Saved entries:
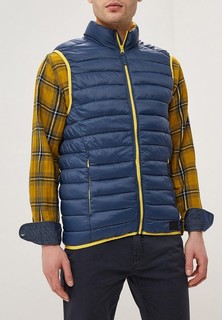 Категория: Утепленные жилеты Blend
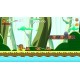 King Leo EU Nintendo CD Key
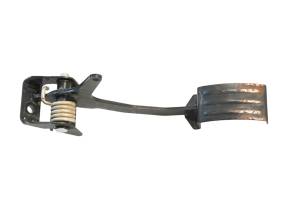 20 Kawasaki Teryx KRX 1000 Accelerator Pedal KRF1000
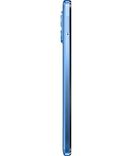 Moto G64 5G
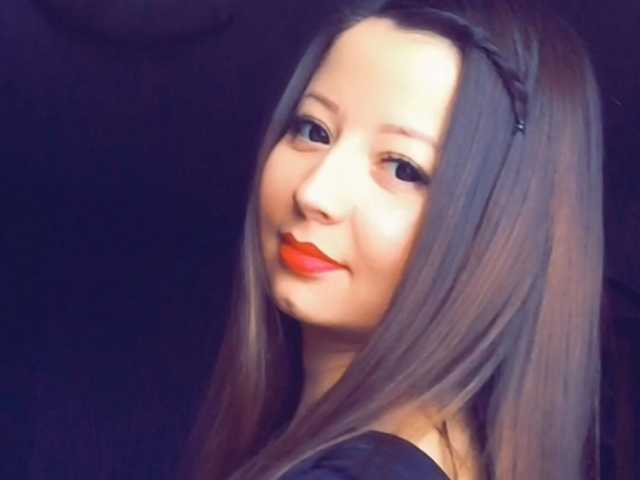 Zdjęcie profilowe Aleksakica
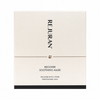 Rejuran Recover Soothing Masks — 5 pcs, 205 g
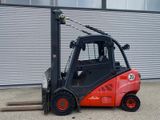 Linde H35D 393 Duplex - Angebote entsprechen deinen Suchkriterien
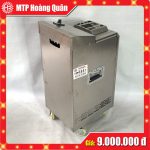 Máy Thái Thịt Tươi Sống Hq8 4
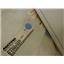 MAYTAG WHIRLPOOL REFRIGERATOR 61002927 PICK-OFF SHELF NEW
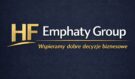 HF Emphaty Group
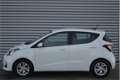 Hyundai i10 - 1.0i 66pk Comfort (Navi, PDC) - 1 - Thumbnail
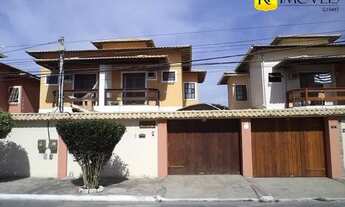 Imagem: Casa independente em Palmeiras, com suítes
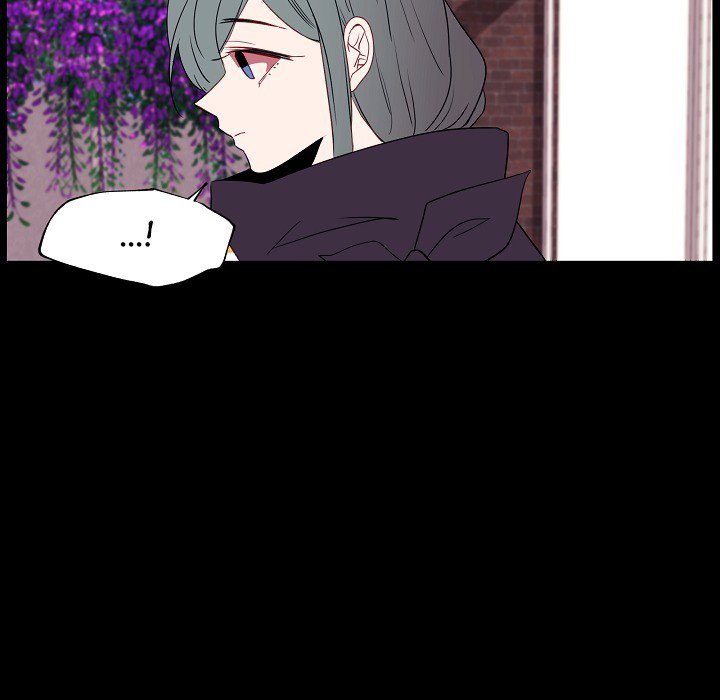 Ranunculus - Chapter 97 [photo 12] - MangaPorn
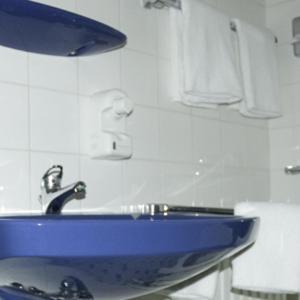& Restaurant Schimmelreiter Hotel 3*
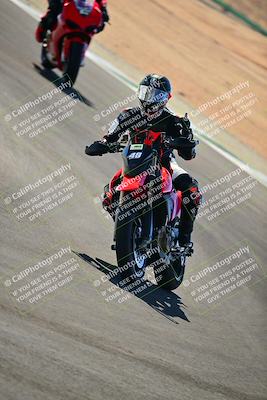 media/Oct-25-2025-2WTD (Sat) [[1e4a1f2fa2]]/B Group/Session 3 (Chicane 2)/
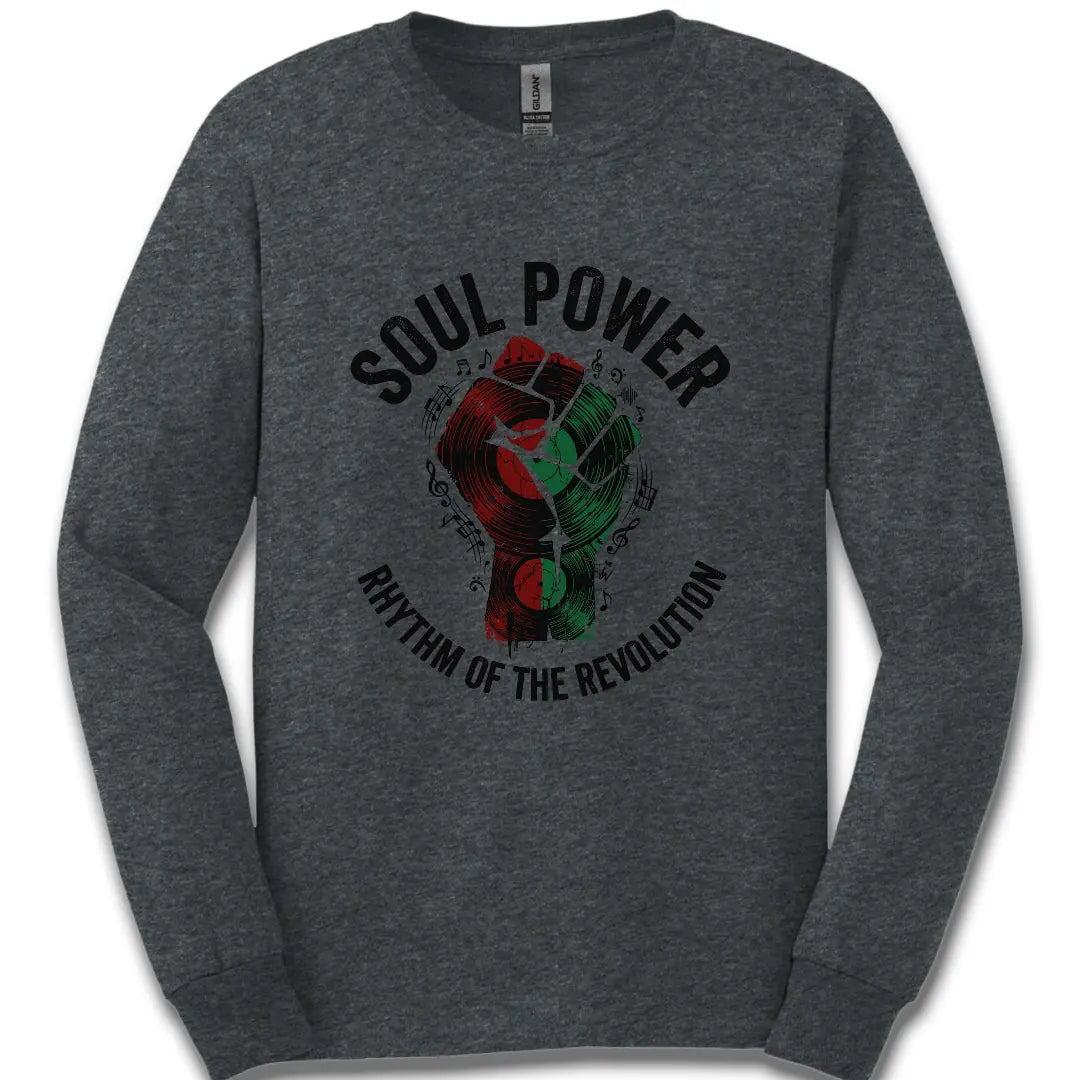 ASILI_BUCKET|design=559|profile=longsleeve_front_basic|bucket=Shop_longsleeve_04w|color=Dark Heather|sha=c63f8c7dc00d
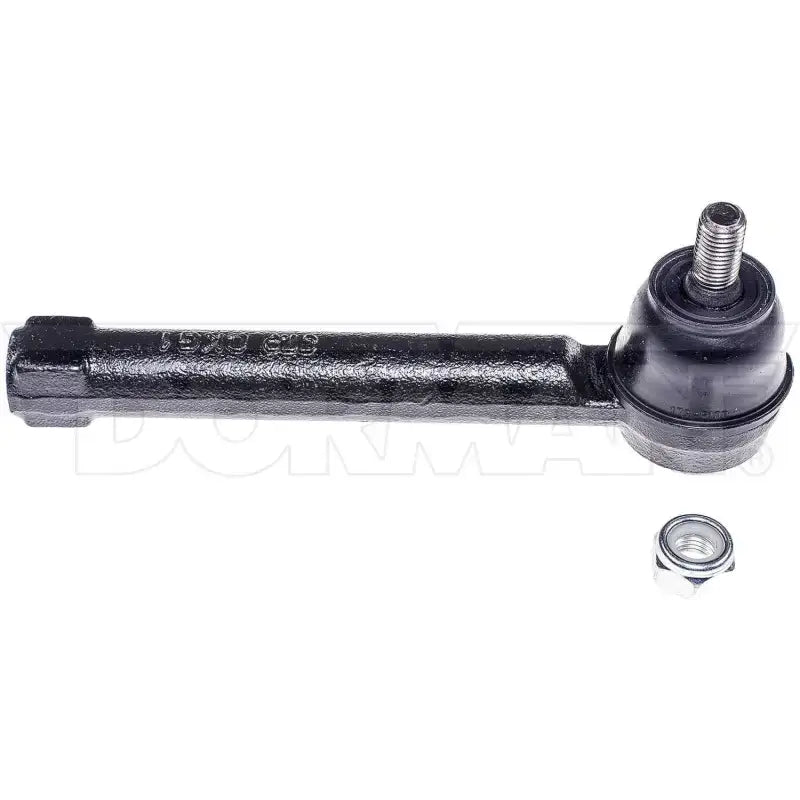 TO59212PR Tie Rod End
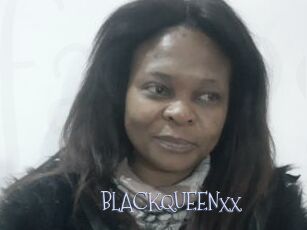 BLACKQUEENxx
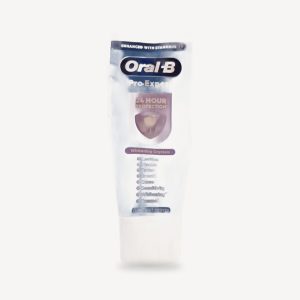 Oral-B Pro-Expert Toothpaste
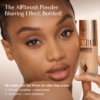 AIRBRUSH FLAWLESS FOUNDATION 7 COOL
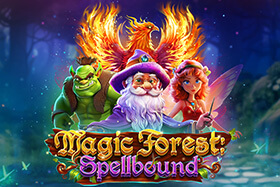 screenshot_of_magic_forest_spellbound_game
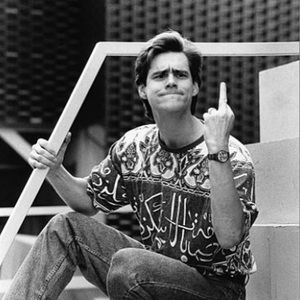 Meet your Posher, Cameron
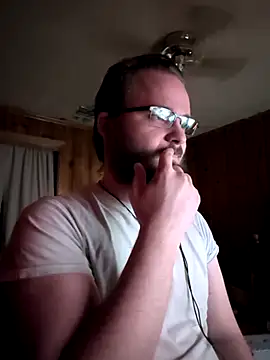 bear8t online show from 03-04-26, 11:22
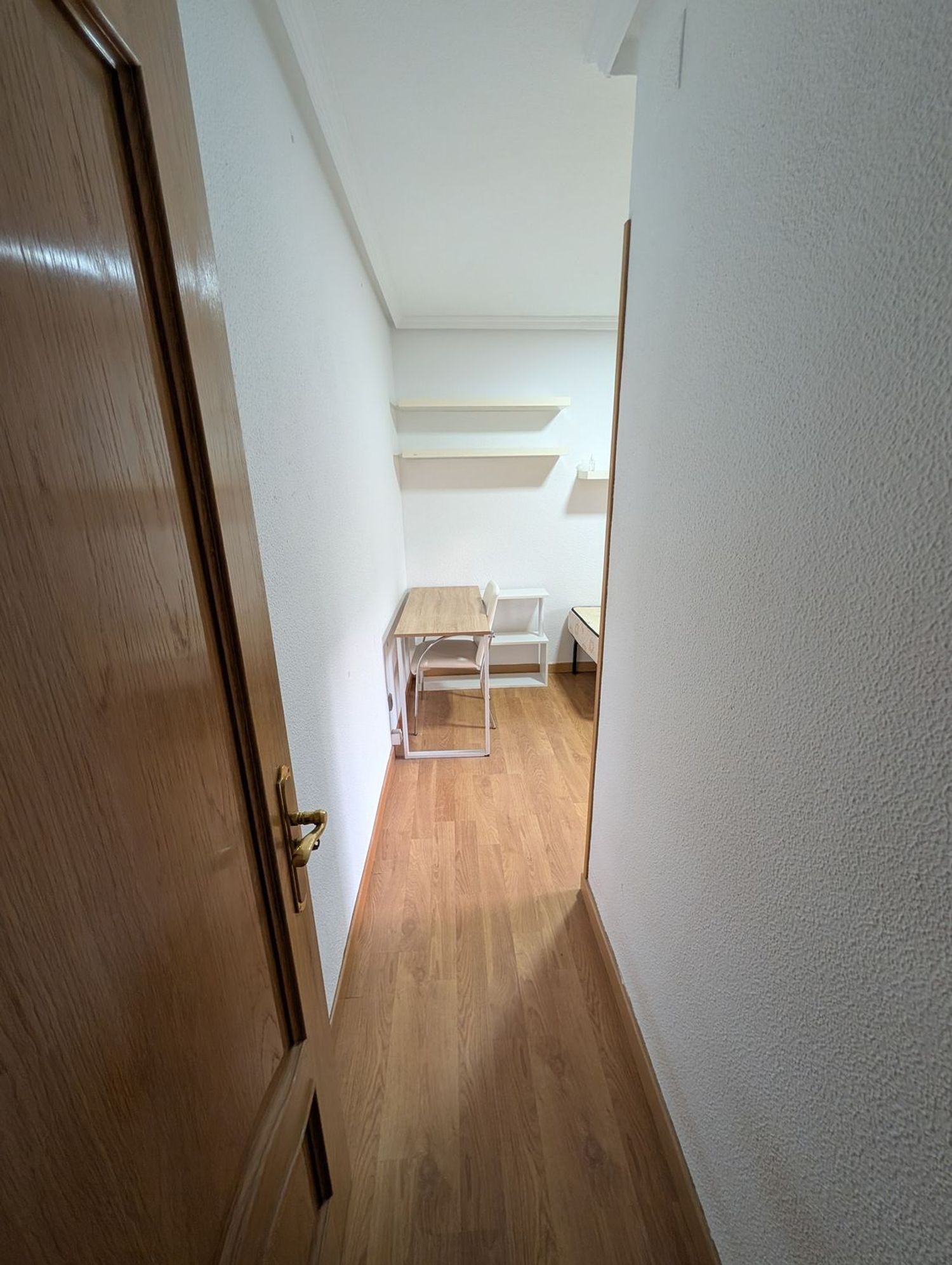 Piso en Senda Perdida, 2, El Pilar - Bripac, El Pilar - Bripac - Foto 32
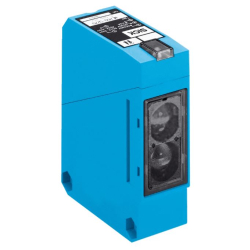 CZUJNIK REFLKSYJNY WL260-S270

How to complete this task. Could you transcribe every entry exactly, leaving out the pictures?

Answer box.
 Категория: Утепленные жилеты Blend
 King Leo EU Nintendo CD Key
 20 Kawasaki Teryx KRX 1000 Accelerator Pedal KRF1000
 Moto G64 5G
 Zdjęcie profilowe Aleksakica
 Rejuran Recover Soothing Masks — 5 pcs, 205 g
 Linde H35D 393 Duplex - Angebote entsprechen deinen Suchkriterien
 Máy Thái Thịt Tươi Sống Hq8 4
 MAYTAG WHIRLPOOL REFRIGERATOR 61002927 PICK-OFF SHELF NEW
 HF Emphaty Group
 Hyundai i10 - 1.0i 66pk Comfort (Navi, PDC) - 1 - Thumbnail
 Imagem: Casa independente em Palmeiras, com suítes
 Ranunculus - Chapter 97 [photo 12] - MangaPorn
& Restaurant Schimmelreiter Hotel 3*
 media/Oct-25-2025-2WTD (Sat) [[1e4a1f2fa2]]/B Group/Session 3 (Chicane 2)/
 ASILI_BUCKET|design=559|profile=longsleeve_front_basic|bucket=Shop_longsleeve_04w|color=Dark Heather|sha=c63f8c7dc00d
 TO59212PR Tie Rod End
 BLACKQUEENxx
 Oral-B Pro-Expert Toothpaste
 AIRBRUSH FLAWLESS FOUNDATION 7 COOL
 screenshot_of_magic_forest_spellbound_game
 Meet your Posher, Cameron
 bear8t online show from 03-04-26, 11:22
 Piso en Senda Perdida, 2, El Pilar - Bripac, El Pilar - Bripac - Foto 32
 CZUJNIK REFLKSYJNY WL260-S270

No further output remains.